A unit with a larger number of doors gives you a lower cost per door. There are a lot of options here. Buying on your own, buying with a syndicate, REIT, etc.

A true commercial property is easier, once you have tenants. If you lose tenants, it may take several months to get another one if you are in the retail arena.

If you own a trailer park, self-storage, cold storage, etc., it's easier too, but I have never owned this type of venture.

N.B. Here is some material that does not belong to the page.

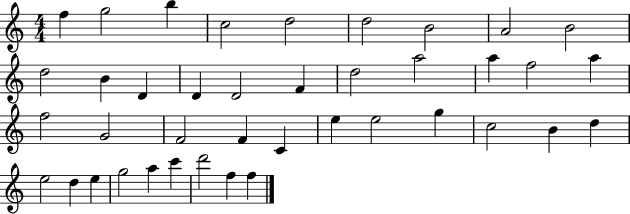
F5/q G5/h B5/q C5/h D5/h D5/h B4/h A4/h B4/h D5/h B4/q D4/q D4/q D4/h F4/q D5/h A5/h A5/q F5/h A5/q F5/h G4/h F4/h F4/q C4/q E5/q E5/h G5/q C5/h B4/q D5/q E5/h D5/q E5/q G5/h A5/q C6/q D6/h F5/q F5/q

I looked a several franchises and businesses myself. A vending machine route, laundromat, tanning salon, a hair cutting place and a check cashing place. A laundromat and a check cashing place were the most promising. The vending is great too, but I decided against it.


Agree. It also takes a loooong time, to get to 25 doors like Senator/ or a few commercial properties (15 years in my case)/ or other forms of passive income. Folks also have to remember, when you have income properties, you don't pay the same amount of income tax on 'that' income from you rents received. Let me try to explain.

You file your Form 1040, and by the time you are done with line 23e (the total of all your expenses) your final 'income' is waaaay lower than any other income.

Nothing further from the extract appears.